• [EXERCISE DESCRIPTION] Your copy should hold the lines below from the first through the one that contains "ヒルトンビーチのテラス付きデュプレックス", each retyped exactly, and no pictures.

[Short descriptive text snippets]
=== Section Start ===

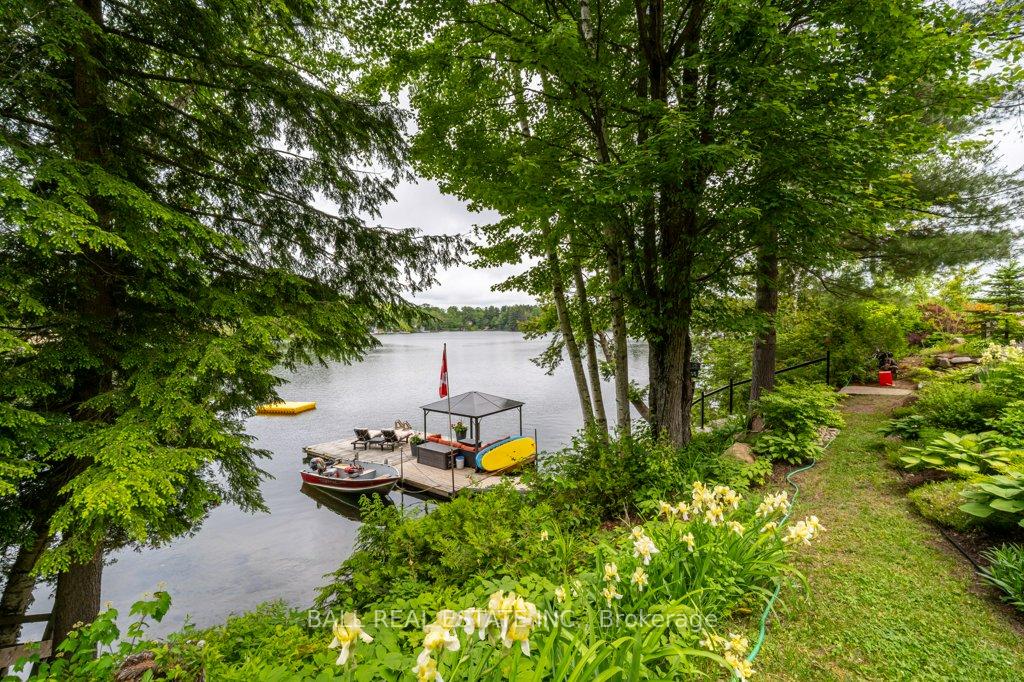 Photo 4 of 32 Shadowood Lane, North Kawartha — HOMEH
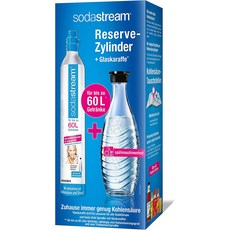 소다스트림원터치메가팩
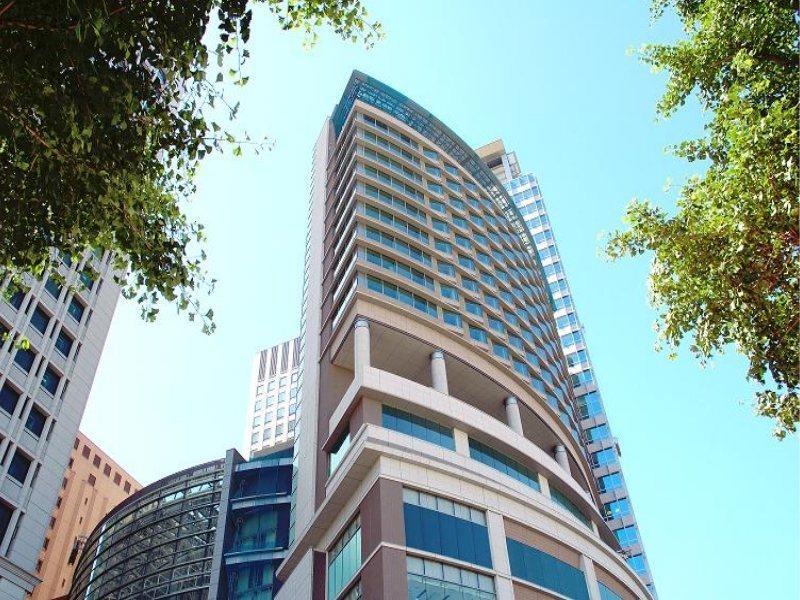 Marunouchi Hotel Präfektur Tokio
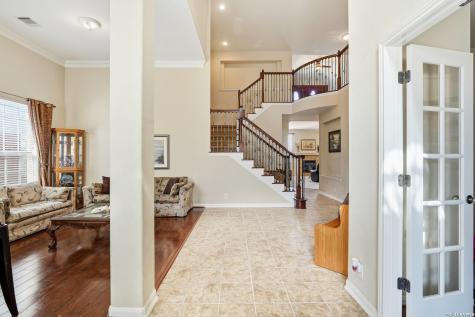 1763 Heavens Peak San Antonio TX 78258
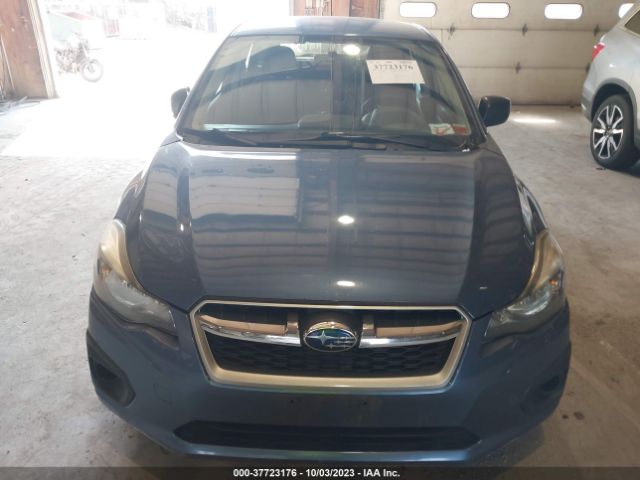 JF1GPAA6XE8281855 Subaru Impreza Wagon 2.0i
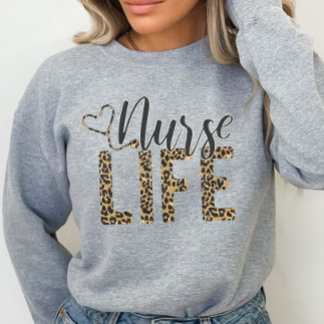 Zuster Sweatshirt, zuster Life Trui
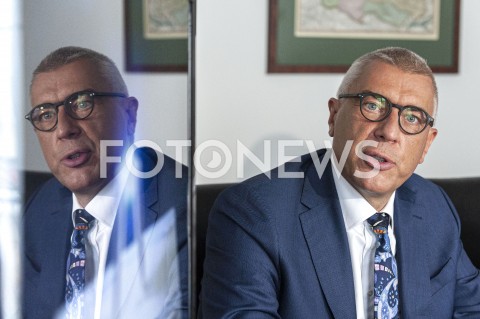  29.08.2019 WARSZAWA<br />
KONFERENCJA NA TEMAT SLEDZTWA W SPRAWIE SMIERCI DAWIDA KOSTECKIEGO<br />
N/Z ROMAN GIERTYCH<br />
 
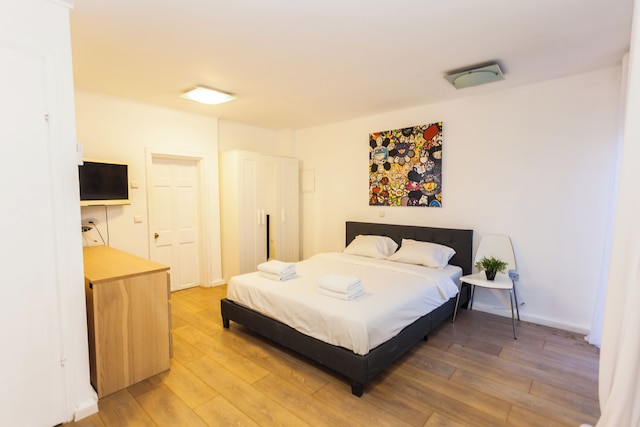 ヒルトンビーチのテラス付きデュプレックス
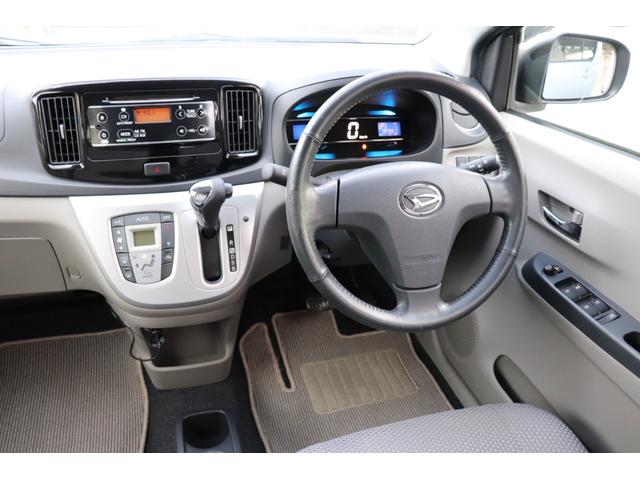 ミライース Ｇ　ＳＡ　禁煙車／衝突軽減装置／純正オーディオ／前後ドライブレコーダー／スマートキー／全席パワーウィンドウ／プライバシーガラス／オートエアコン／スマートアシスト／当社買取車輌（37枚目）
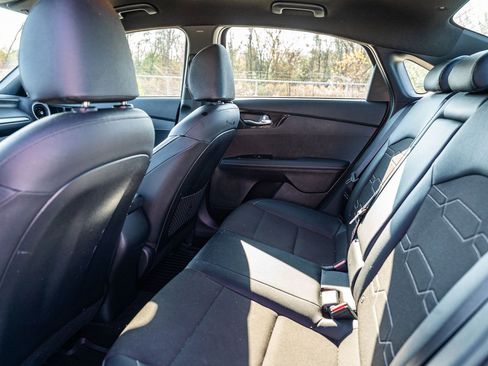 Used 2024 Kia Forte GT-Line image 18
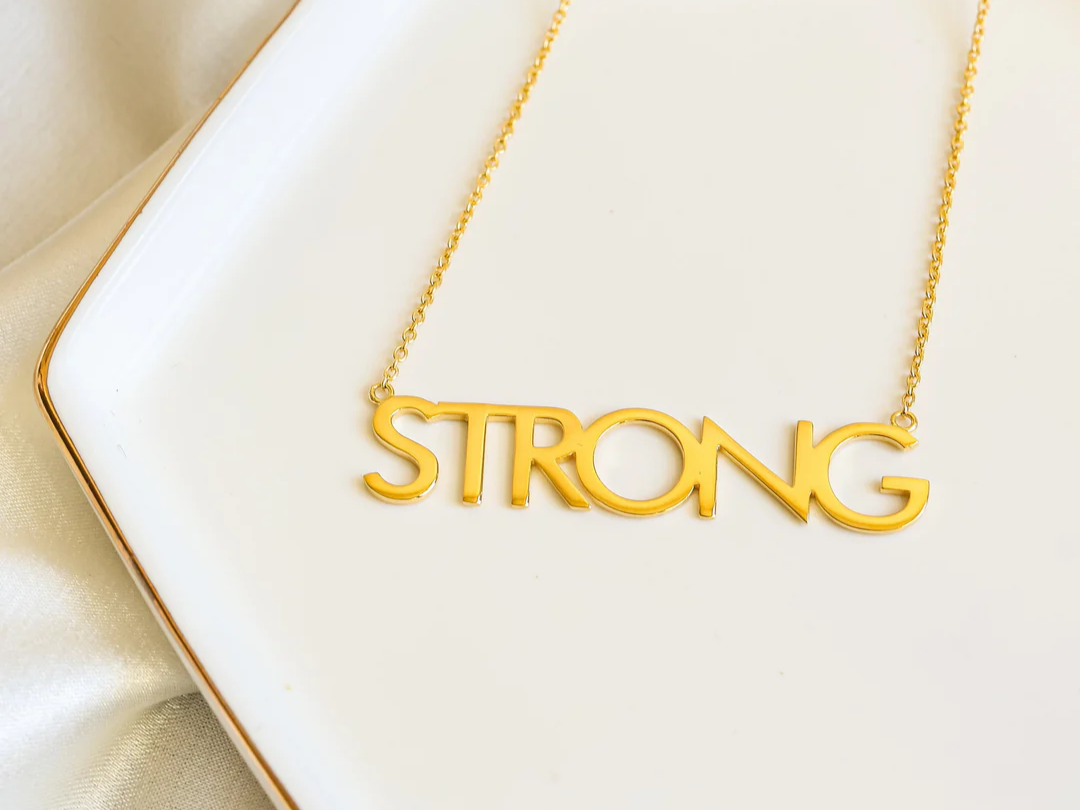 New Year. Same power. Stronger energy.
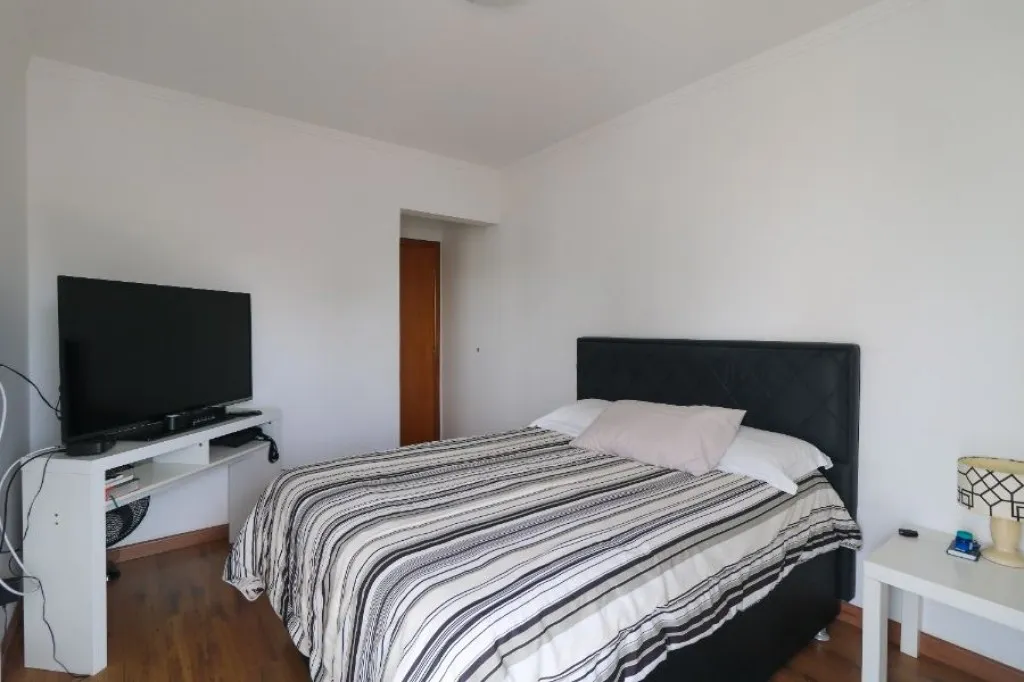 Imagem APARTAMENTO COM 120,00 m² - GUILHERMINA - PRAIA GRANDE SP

=== Section End ===

• [EXERCISE OUTPUT]
 Photo 4 of 32 Shadowood Lane, North Kawartha — HOMEH
 소다스트림원터치메가팩
 Marunouchi Hotel Präfektur Tokio
 1763 Heavens Peak San Antonio TX 78258
 JF1GPAA6XE8281855 Subaru Impreza Wagon 2.0i
 Zuster Sweatshirt, zuster Life Trui
  29.08.2019 WARSZAWA<br />
KONFERENCJA NA TEMAT SLEDZTWA W SPRAWIE SMIERCI DAWIDA KOSTECKIEGO<br />
N/Z ROMAN GIERTYCH<br />
 
 ヒルトンビーチのテラス付きデュプレックス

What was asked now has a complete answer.